The combination of assets, which includes hotels, bars, and restaurants, has doubled Lark’s footprint, adding more than 50 properties to its North American portfolio. Now, instead of operating mainly in New England, the new Lark Hospitality will operate in 27 states and two countries.


“It enables us to bring what we’re passionate about to more people and have greater resources to do that,” says Rob Blood, founder of Lark Hotels.
The past several years in the hospitality world have been marked by consolidation and acquisition. There was the mega merger between Aimbridge Hospitality and Interstate Hotels and Resorts; Hyatt buying Standard International, the parent company of The Standard and Bunkhouse Hotel brands; and Hilton acquiring Graduate Hotels.
“What was interesting to me in all of that, was it often was big brands consuming small, cool brands,” Blood says. However, brand consolidation and acquisitions often result in unique experiences becoming “homogenous and less meaningful.”
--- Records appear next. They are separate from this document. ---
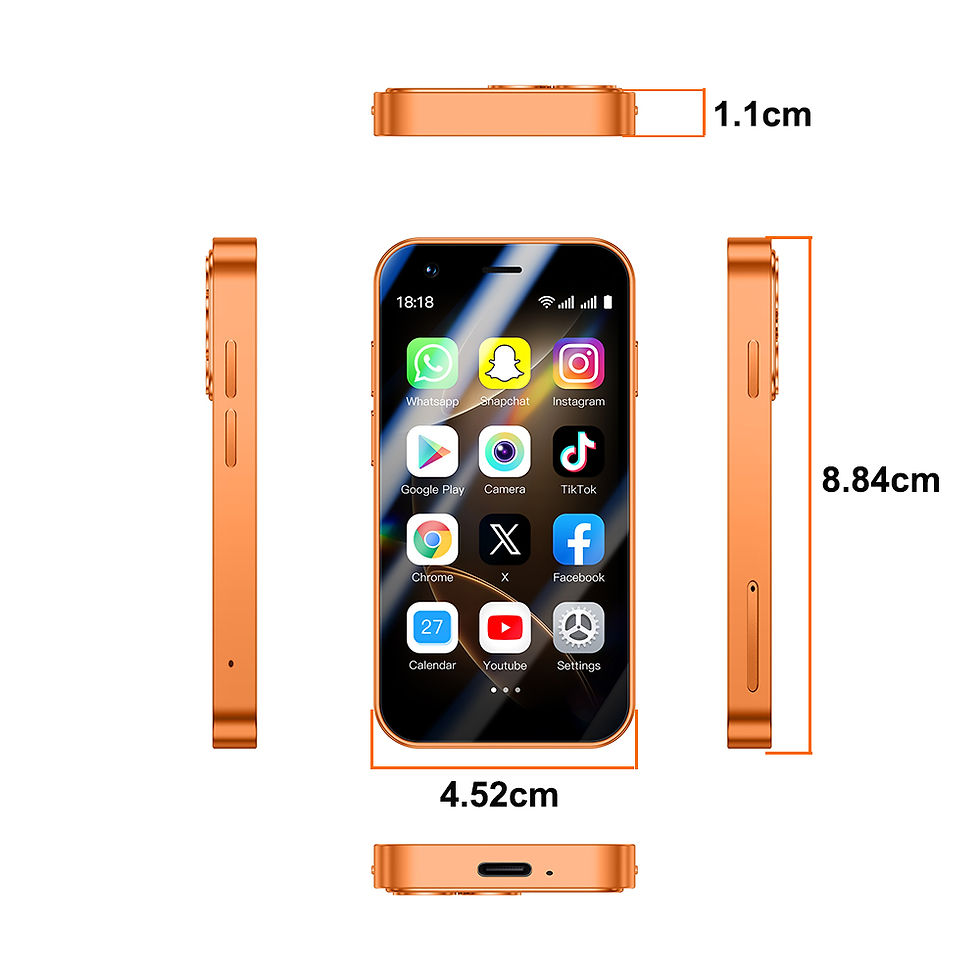Thumbnail: SOYES A17 Mini Android8.1 Smart Phone 3.0 Inches 2GB RAM 16GB ROM Dual SIM Stand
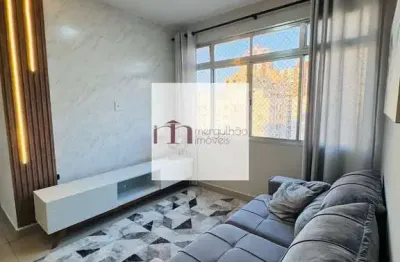 Locação mobiliado, apartamento de 2 dormitorios, embaré, santos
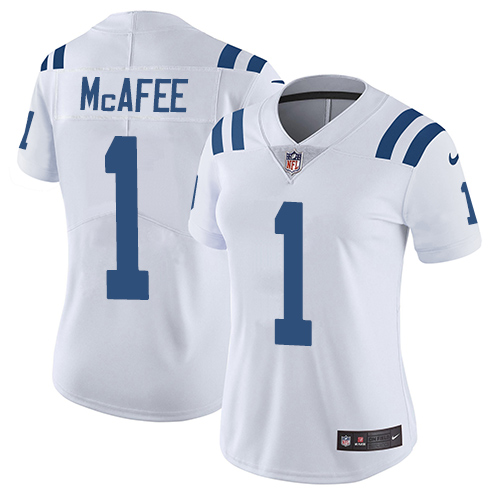 Nike Colts #1 Pat McAfee White Women's Stitched NFL Vapor Untouchable Limited Jersey Nike Colts #1 Pat McAfee White Women's Stitched NFL Vapor Untouchable Limited Jersey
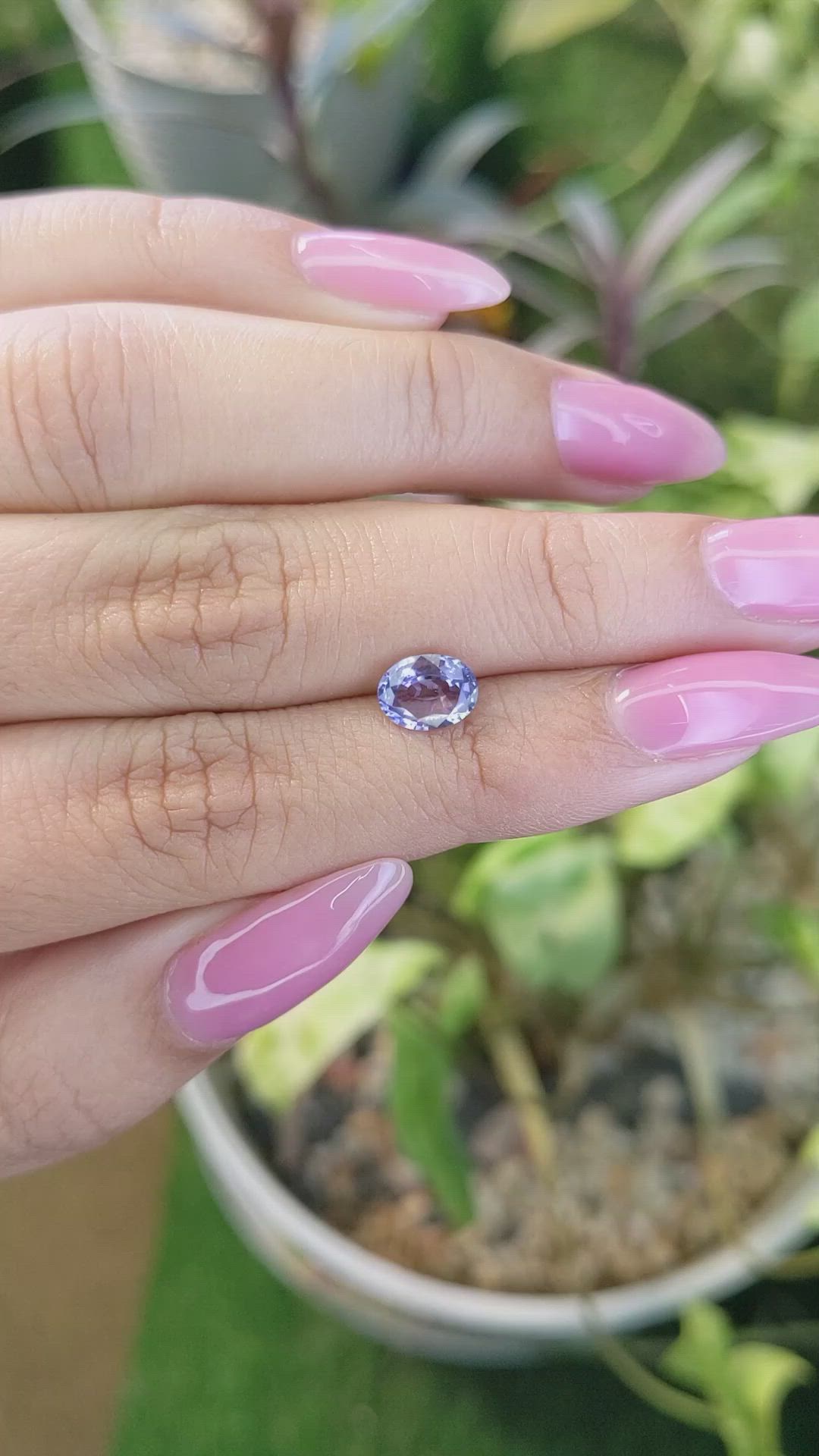 1.15 Ct. Spinel from Ceylon (Sri Lanka) Size Video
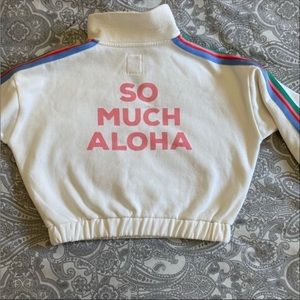 Billabong so much aloha half zip crop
“I have, historically, really no interest in that,” he says. “I feel really strongly about the idea that independent hotels and really bespoke properties add a lot of value to the richness of life.”
That’s why Blood believes this joint venture is a good fit.
Lark Hotels has always been synonymous with travel experiences that have a personality, voice, and point of view. Far from indistinct, cookie-cutter lodging that could be in Any City, USA, Lark properties are like individualized fingerprints rooted in a strong sense of place, from the funky, artsy Blind Tiger in Asheville, North Carolina, to The Merchant, a luxury, boutique hotel housed in one of Salem’s historic, federal style buildings.


The same has been true for Life House.
“Life House, really for the last five years, has been the primary competitor of Lark Hotels in the space of independent-spirited, smaller, sub-100 key hotels,” he says.
So it’s no wonder, then, that the two companies sought to join forces and continue to nurture the cool, individualistic characteristics that make Lark and Life House properties what they are.
Among them are hotels that had been managed by Life House, like Hotel Ella in Austin, Texas, which is housed in a historic mansion and boasts elevated Texas cuisine at its own Goodall’s Kitchen, and Anna & Bel, a hotel that’s also home to chef Tyler Akin’s Mediterranean-inspired restaurant, Bastia, in the Fishtown neighborhood of Philadelphia.
“Part of the Lark mission is to find moments of surprise and delight and go above and beyond,” Blood says.
That will continue to be true, even as Lark continues to expand. In March, it opened The Painted Lady, a boutique hotel in Birmingham, Alabama, and is working on a new hotel in the Garden District of New Orleans, Blood says. It also just opened the Interstate Inn, a remodeled interstate motel that now features 33 art-infused rooms and a restaurant helmed by the James Beard Award-Winning chef, Stephan Pyles.
Through all the growth, though, Lark aims to remain true to itself. “Lark is a homegrown company,” Blood says. “It’s been a passion project and something that started with an idea 12 years ago.”